Title: Re: Valpo mascot task force
Post by: Dave Likeness on February 18, 2021, 03:43:30 PM
William Buckley Jr. died in 2008, and with his death,  genuine conservatism.lost a voice.
He graduated from Yale University and eventually founded the journal "National Review".
Buckley was an intellectual who could present the principles of conservatism in a winsome
manner.  From 1966 to 1999, he hosted the public affairs TV program "Firing Line" and
the 1,429 episodes.  He debated with various guests on the issues of the day.  He was
well-respected by those at the opposite end of the political spectrum.
Title: Re: Valpo mascot task force
Post by: Dan Fienen on February 18, 2021, 03:54:52 PM
There is heat, Pastor Fienen, then there is mean-spirited mockery, lying and calumny. And the latter is what Mr. Limbaugh practiced with a vehemence for many years.
So, so long as your diatribes and those of the ones with whom you align do not in your opinion reach the level of Mr. Limbaugh's rants, they are perfectly fine and great additions to discourse. In fact the more ridicule that is heaped on those with whom you disagree the better. Limbaugh justified it. Tit for tat is great so long as you are the one dishing?
Title: Re: Valpo mascot task force
Post by: Charles Austin on February 18, 2021, 04:49:14 PM
I do not “dish.“ William S. Buckley was a perfect example of a staunch conservative who could be intellectual, engaging, polite and humorous even as he was being critical of those of another stripe. He was not mean. He was not nasty. And he did not mock people in a mean spirited way. On one occasion, I interviewed him and RJN together. And I always learned something from his television show, because he was not out to make fun of the other side or to bring out and play to the worst side of his audience. Unlike the late Mr. Limbaugh.
Title: Re: Valpo mascot task force
Post by: Dan Fienen on February 18, 2021, 05:01:45 PM
Look, Charles, just because I am not a liberal as you, that does not mean that I approved of Mr. Limbaugh. Far from it. I considered him much more of an entertainer than a newsman or even a news commentator. Quite frankly, I thought that Don Rickles did that whole insult comedy schtick better than Rush. I realize that it is very handy for you to assume that everyone who does not fall in line with the liberal/progressive party line idolized Trump and took their daily instruction from chairman Rush. That allows you to simply dismiss us as being barely worthy of your instruction, certainly unworthy of listening to or actually discussing with. We are not all White Supremacists no matter what the orthodox political thinking is.

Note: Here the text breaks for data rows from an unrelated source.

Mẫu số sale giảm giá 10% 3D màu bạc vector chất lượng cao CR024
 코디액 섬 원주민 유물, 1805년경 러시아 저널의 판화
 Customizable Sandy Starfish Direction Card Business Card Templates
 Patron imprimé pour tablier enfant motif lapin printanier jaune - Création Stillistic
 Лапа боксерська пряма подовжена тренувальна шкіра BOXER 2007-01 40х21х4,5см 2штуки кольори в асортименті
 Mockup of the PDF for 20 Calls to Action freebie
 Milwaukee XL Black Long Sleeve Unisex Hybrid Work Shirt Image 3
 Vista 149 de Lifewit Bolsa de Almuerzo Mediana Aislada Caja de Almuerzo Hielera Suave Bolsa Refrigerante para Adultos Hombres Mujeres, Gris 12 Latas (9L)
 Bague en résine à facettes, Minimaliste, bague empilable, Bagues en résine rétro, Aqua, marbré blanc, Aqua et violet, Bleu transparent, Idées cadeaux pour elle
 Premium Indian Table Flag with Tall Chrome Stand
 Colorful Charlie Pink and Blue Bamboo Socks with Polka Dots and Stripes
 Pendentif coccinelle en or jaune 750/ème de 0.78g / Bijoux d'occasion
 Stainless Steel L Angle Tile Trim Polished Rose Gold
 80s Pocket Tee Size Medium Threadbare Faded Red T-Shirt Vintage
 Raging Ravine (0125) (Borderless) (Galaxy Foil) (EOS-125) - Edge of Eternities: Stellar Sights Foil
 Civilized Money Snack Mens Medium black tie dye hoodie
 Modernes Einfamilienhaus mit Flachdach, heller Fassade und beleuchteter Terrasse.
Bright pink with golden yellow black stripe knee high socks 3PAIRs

But who am I to disturb your smugness?
Title: Re: Valpo mascot task force
Post by: Steven W Bohler on February 18, 2021, 05:36:20 PM
I liked Rush's show, although I have not listened to it for several years.  His "mockery" paled in comparison to what is said by those on the left on their radio and TV shows. 
Title: Re: Valpo mascot task force
Post by: RDPreus on February 18, 2021, 06:10:15 PM
I liked both William Buckley and Rush Limbaugh.  Both were entertaining, but in different ways.  While Buckley's Firing Line was a great success, he never connected to the common man the way Rush did.  Limbaugh angered people who took themselves too seriously.  Like Trump, he wasn't interested in the approval of liberal elitist snobs.  He reveled in mocking them to the delight of his conservative audiences.  Buckley beat them at their own game.  Limbaugh wouldn't play their game.
Title: Re: Valpo mascot task force
Post by: Charles Austin on February 18, 2021, 06:23:12 PM
Pastor Fienen:
I realize that it is very handy for you to assume that everyone who does not fall in line with the liberal/progressive party line idolized Trump and took their daily instruction from chairman Rush.
Me:
Not everyone did, but some did. Actually, a lot did.

Pastor Fienen:
That allows you to simply dismiss us as being barely worthy of your instruction, certainly unworthy of listening to or actually discussing with.
Me:
If I thought that, why would I take all the time I take to respond do you? There are people not worthy of my instruction. I don’t respond to them.

Pastor Fienen:
We are not all White Supremacists no matter what the orthodox political thinking is.
Me:
I never said you were. And there is no “orthodox political thinking.” But why do you keep protesting that I think you are?

Pastor Fienen:
But who am I to disturb your smugness?
Me:
If I have that quality, it’s not the part of me that you disturb. Now you get the final word.
Title: Re: Valpo mascot task force
Post by: George Rahn on February 18, 2021, 06:28:07 PM
Pastor Fienen:
I realize that it is very handy for you to assume that everyone who does not fall in line with the liberal/progressive party line idolized Trump and took their daily instruction from chairman Rush.
Me:
Not everyone did, but some did. Actually, a lot did.

Pastor Fienen:
That allows you to simply dismiss us as being barely worthy of your instruction, certainly unworthy of listening to or actually discussing with.
Me:
If I thought that, why would I take all the time I take to respond do you? There are people not worthy of my instruction. I don’t respond to them.

Pastor Fienen:
We are not all White Supremacists no matter what the orthodox political thinking is.
Me:
I never said you were. And there is no “orthodox political thinking.” But why do you keep protesting that I think you are?

Pastor Fienen:
But who am I to disturb your smugness?
Me:
If I have that quality, it’s not the part of me that you disturb. Now you get the final word.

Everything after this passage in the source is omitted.